Tuesday, October 8, 2013

REAL, Surreal Japanese Film by Kurosawa

Japanese Director/Screenwriter Kiyoshi Kurosawa's latest feature, REAL, is a visually stunning & genre defying film. The cinematography has a neutral stark palette interspersed with vivid color that makes for a work of art.  The scenes are so intensely colorized & crystal clear that when the scene morphs into a dreamlike state you become transfixed.
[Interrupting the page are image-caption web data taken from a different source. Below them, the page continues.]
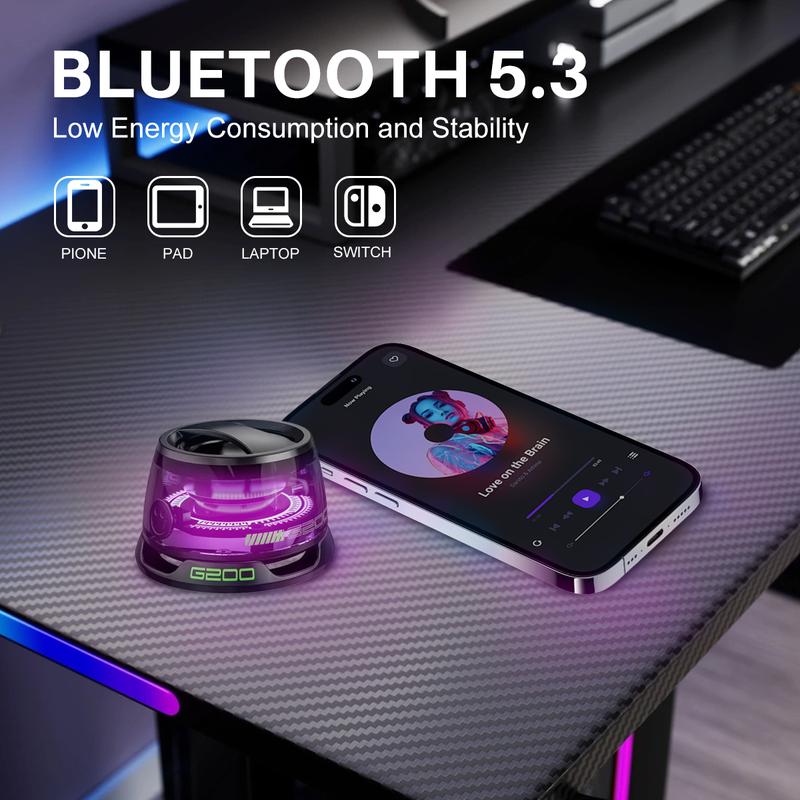 Magnetic Portable Mini Bluetooth Speaker,10-Hour Playtime, Wireless with Bluetooth 5.3,TWS Pairing With RGB Night Light,IPX5 Waterproof,Portable Phone Stand for iPhone Android for Golf Cart Gifts Hiking Camping,Thanksgiving Day,Christmas New Year Gift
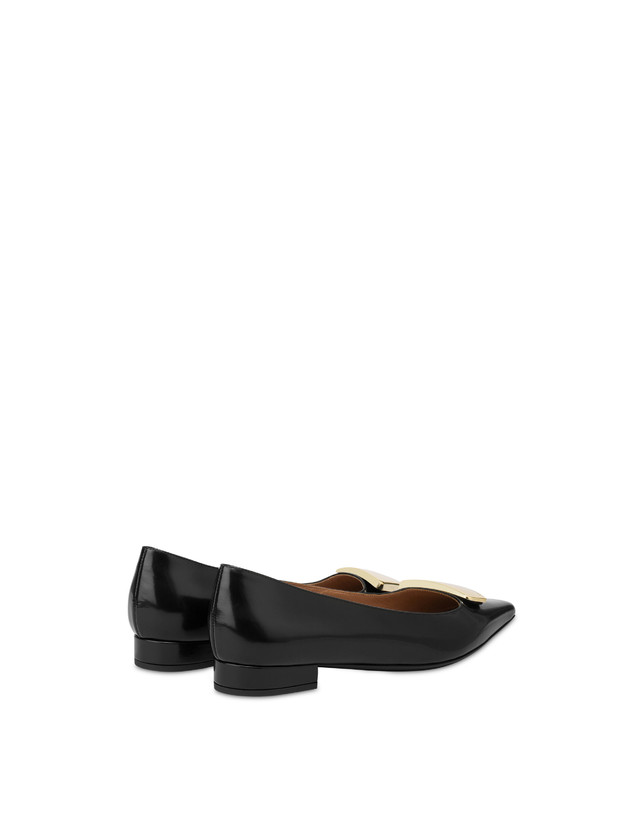 Pollini Ballerine In Vitello Abrasivato Bullion Nero Moda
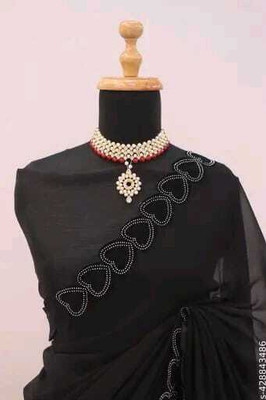Sayal Creation Self Design Bollywood Georgette Saree(Black)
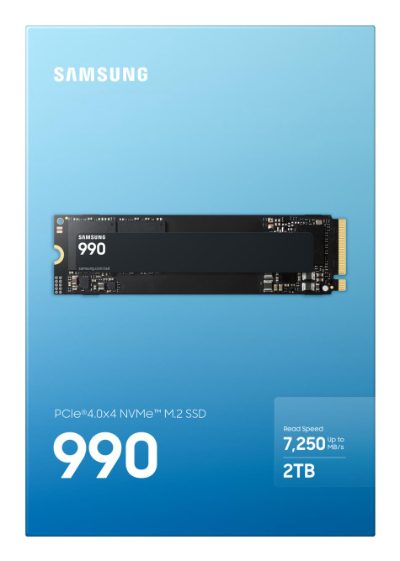 Samsung 990, 2000 GB, SSD form factor M.2 2280, Solid-state drive interface PCIe 4.0 x4 NVMe, Read speed 7250 MB/s, Write speed 6450 MB/s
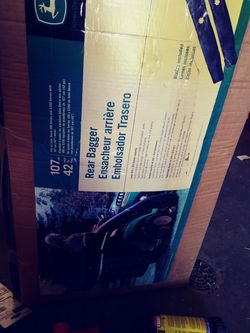 Riding mower bags set up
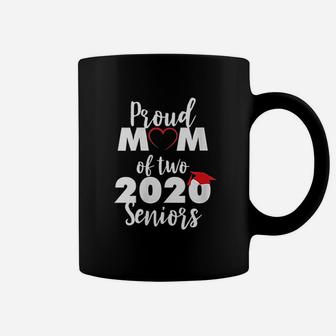 Proud Mom Two Seniors Class Of 2020 Graduation Coffee Mug - Seseable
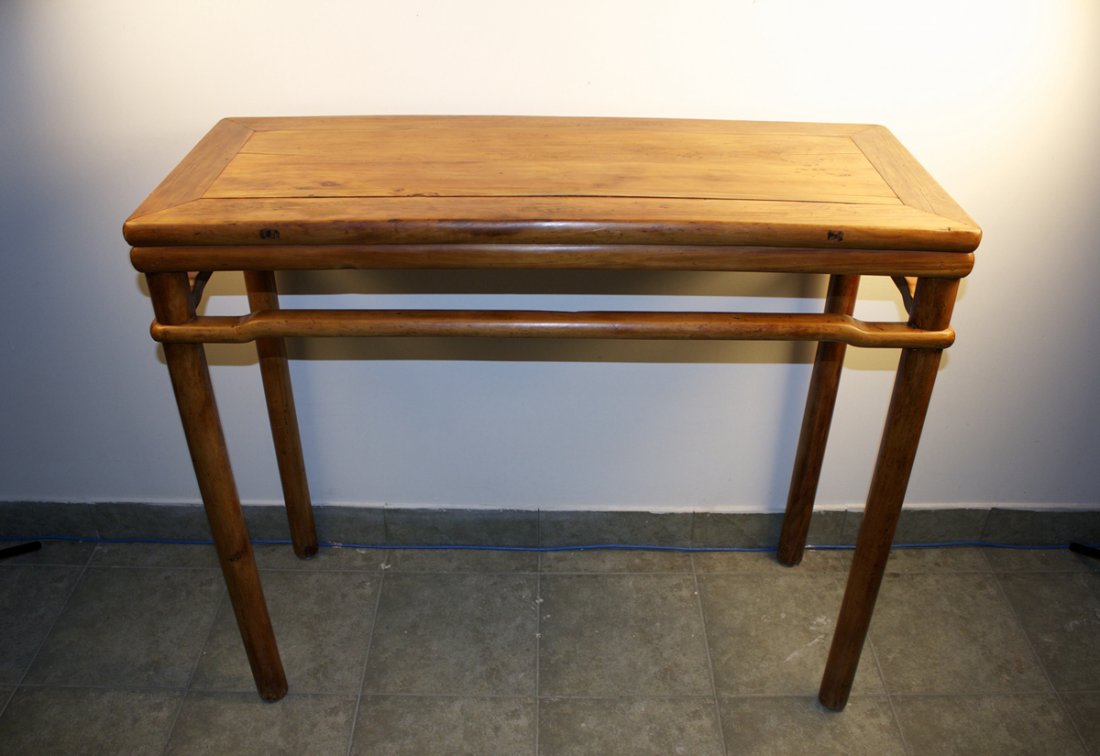 Cedarwood Ming Style Table and Hickory Leather Chair: 清代老柏木明式條案和核桃木西式雕皮椅. Table Size:41x87x101cm. Chair Size:40x46x94cm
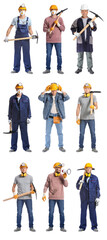 Obraz premium Miner man with pick axe on white background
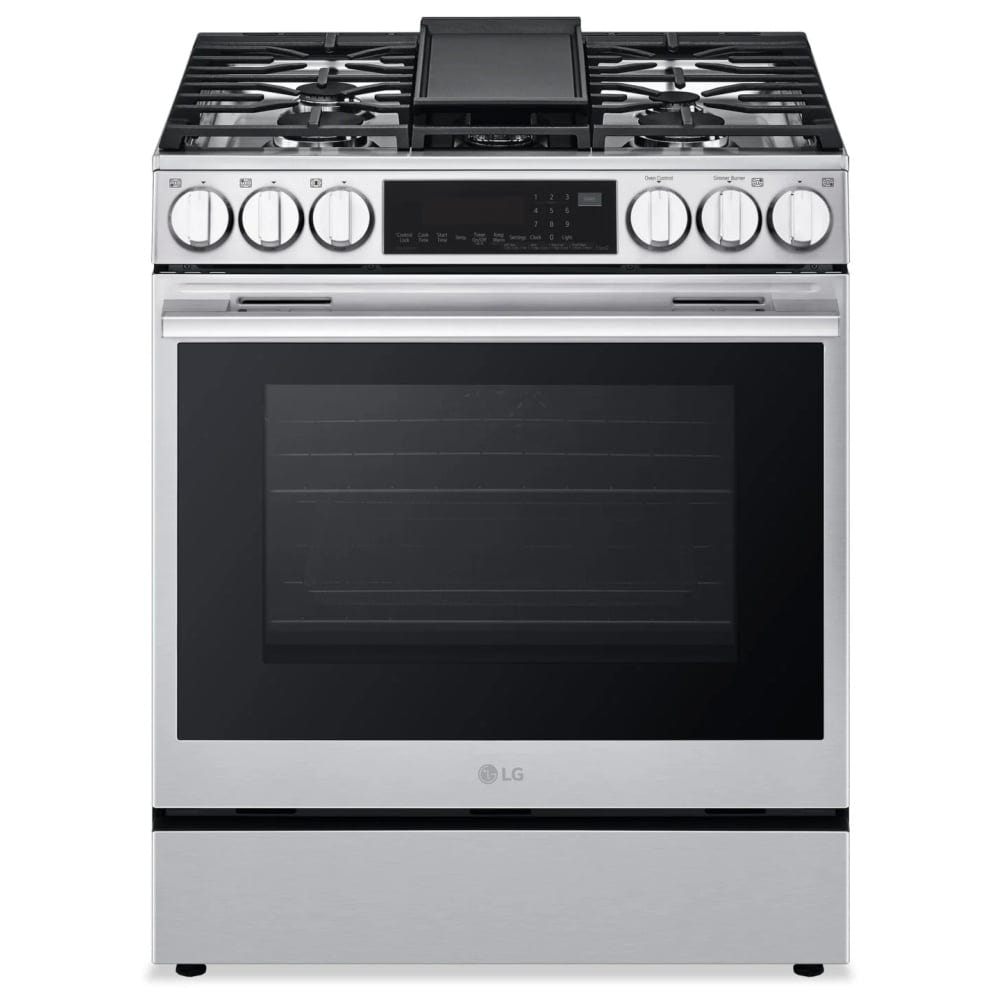LG LSGL6335X Gas Range, 6.3 cu. ft. Capacity, 30 inch Exterior Width, Self Clean, Convection, 5 Burners, Storage Drawer, Air Fry, 20,000 BTU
Koichi & his beautiful wife, Atsumi, are a loving, adoring couple.  The film moves future 1year to show Koichi @ a hospital where he wife has been in a long coma.  The Dr. explains to Koichi the procedure for "sensing" where he will be put to sleep & "wired" so that he & his wife can communicate through their brain waves. The notion that patients in a coma are able to perceive their surroundings has been debated.  The premise of a virtual reality plane for connecting & perhaps, reviving a comatose individual is an intriguing & exciting.  The "sensing sessions" are both comforting & horrifying.  The film is highly stylized amalgamation of science fiction, horror, mystery, intellectual abstraction & romance.  What is reality & what is hallucination becomes indistinguishable.  Scenes of decay & abandoned construction recur throughout the film adding to the  sense of isolation & despair.  The boundary between drama & comedy are also blurred. This unique film by one of the great contemporary film makers is eerie, macabre & remarkable.  However, the 2 1/2 hour length transforms this iridescent film into a laughable, anti-climatic ending.